Topics will include:  

  • Exploration of major questions currently being raised by figures in the humanities, creative arts and social sciences in different parts of the world.
  • Context and background of major thinkers and the debates they have stimulated.
  • Identification of research methods used by figures in the humanities, creative arts and social sciences, and of ways to assess their value.
  • The ways in which academic debate/conversation and ideas lead to change.

Learning and teaching strategy and rationale

This unit is delivered online and will immerse students in active learning in which students engage in activities such as reading, writing, discussion, peer feedback and peer-led team learning. Lectures will be delivered online, and students will participate in facilitated group discussions across all campuses thus ensuring students gain a deep understanding of content knowledge.

The unit also engages students in inquiry-based learning, a research-based strategy that actively involves students in the exploration of the content, issues and questions covered in the unit.

Students in this unit will be encouraged to develop specifics skills in applying a range of theories and concepts in the humanities to their own research agendas and, indeed, their way of understanding the world. 

Mode/Attendance Pattern: This unit will include seminars, tutorials, web-enhanced learning and independent study.

Assessment strategy and rationale

This 200-level interdisciplinary unit for high achieving students is designed to include assessment tasks that build deep content knowledge, independent learning, and higher-order research and analytic skills.

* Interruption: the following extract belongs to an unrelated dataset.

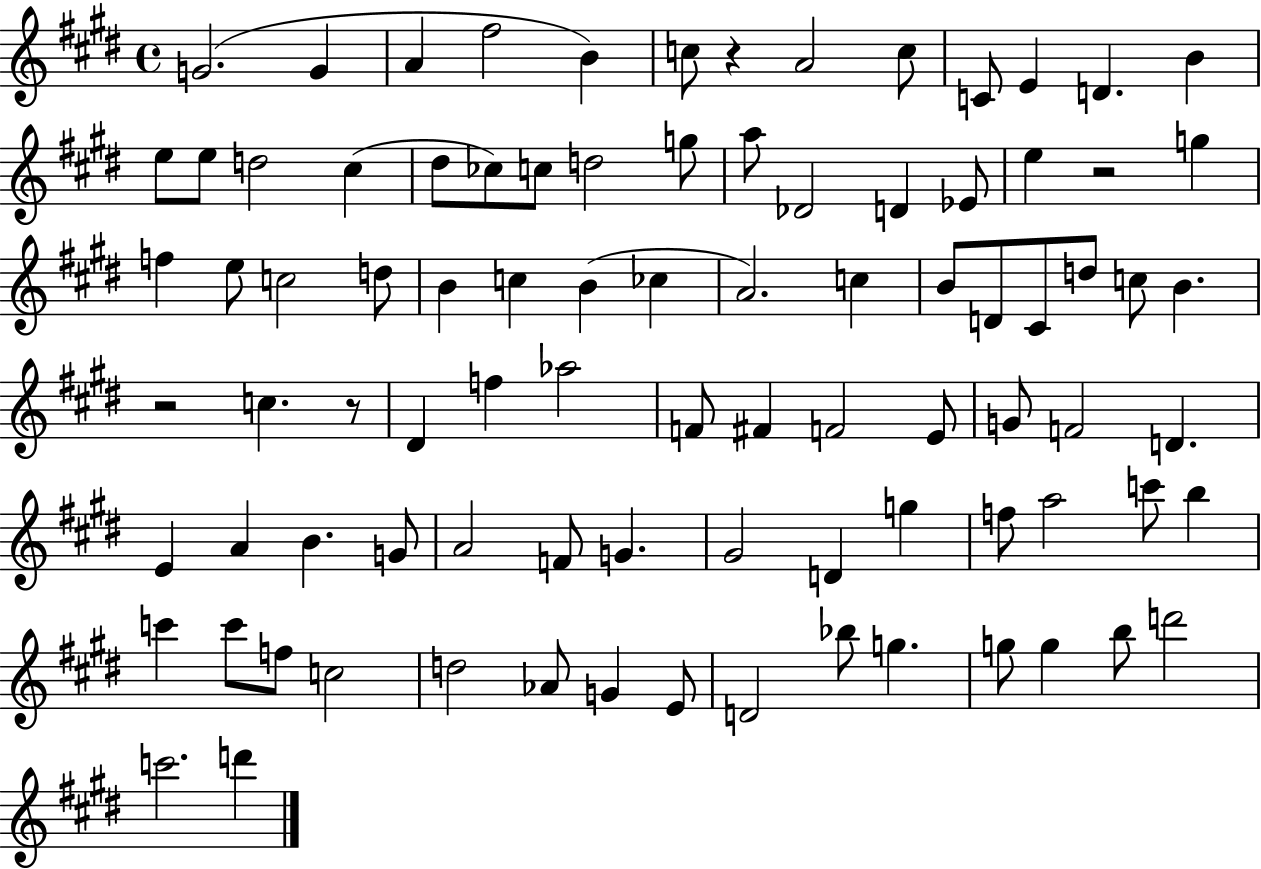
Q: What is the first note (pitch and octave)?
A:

The analytic tasks require students to demonstrate knowledge of cutting-edge theories and concepts in the humanities. These tasks will be enhanced through collaborative peer-led learning in the tutorial context

The research task builds on these skills through proposing, planning and executing a guided research project that locates critical resources to produce a sustained argument that reflects on the most urgent questions in the contemporary humanities 

ASSESSMENT PROCEDURES 

Assessment procedures may vary from time to time for this unit, but are likely to include a combination of presentations and written work aimed at fulfilling the key assessment tasks.

Overview of assessments

Brief Description of Kind and Purpose of Assessment TasksWeightingLearning Outcomes

Analytical Tasks (50%) 

Students will demonstrate an understanding, and informed opinion on the merits of key methods used in the humanities, creative arts and social sciences.  

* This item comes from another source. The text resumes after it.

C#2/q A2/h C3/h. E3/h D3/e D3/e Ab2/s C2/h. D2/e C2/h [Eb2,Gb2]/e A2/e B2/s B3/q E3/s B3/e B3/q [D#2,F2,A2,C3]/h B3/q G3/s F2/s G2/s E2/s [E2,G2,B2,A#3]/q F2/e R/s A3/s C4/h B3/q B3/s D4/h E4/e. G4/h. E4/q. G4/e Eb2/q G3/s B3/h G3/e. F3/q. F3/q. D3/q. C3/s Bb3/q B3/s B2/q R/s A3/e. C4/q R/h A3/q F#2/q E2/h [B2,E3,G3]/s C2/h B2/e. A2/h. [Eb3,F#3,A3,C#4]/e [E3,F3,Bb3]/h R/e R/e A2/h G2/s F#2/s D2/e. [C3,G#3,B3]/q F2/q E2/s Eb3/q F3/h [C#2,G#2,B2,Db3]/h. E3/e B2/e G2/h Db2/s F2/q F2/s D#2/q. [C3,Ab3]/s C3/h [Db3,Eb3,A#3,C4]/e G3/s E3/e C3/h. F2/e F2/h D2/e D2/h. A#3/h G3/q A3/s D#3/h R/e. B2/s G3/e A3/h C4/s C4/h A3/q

Students will illustrate and evaluate the ideas of major thinkers in the humanities, creative arts and/or social sciences in response to enduring questions about the human condition.

50%

LO2, LO4

Written Task (50%) 

Students will research and write a substantive essay that critically addresses and elaborates upon one of the key issues of interest within the humanities, creative arts and/or social sciences.

50%

LO1, LO3, LO4

Representative texts and references

Crenshaw, Kimberle et al. (eds) Critical Race Theory: The Key Writings That Formed the Movement (New York: The New Press, 1996)

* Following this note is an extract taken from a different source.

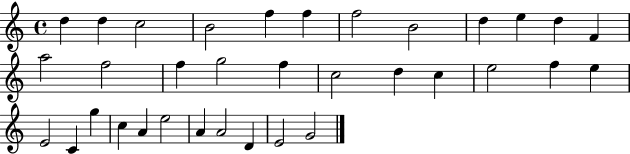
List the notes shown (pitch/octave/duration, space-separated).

Diamond, Jared, Collapse: How Societies Choose to Fail or Succeed (New York: Penguin, 2005)

Emmett, Robert S. & Nye, David E. The Environmental Humanities: A Critical Introduction (Cambridge, Mass.: MIT Press, 2016)

Eagleton-Pierce, Matthew. Neoliberalism (London: Routledge, 2016)

Felski, Rita & Anker, Elizabeth (eds). Critique and Post-Critique( Duke University Press, 2017)

Jagose, Anne-Marie, Queer Theory: An Introduction (New York: NYU Press, 1997)

Malik, Kenan, Multiculturalism and its Discontents (Seagull Books, 2014)

McKnight, David. Populism Now (Sydney: NewSouth Publishing, 2018)

Piketty, Thomas, Capital in the 21st Century (Cambridge MA: Harvard University, 2013)

Smith, Philip & Alexander Riley. Cultural Theory: An Introduction (New Jersey: Wiley Blackwell, 2008).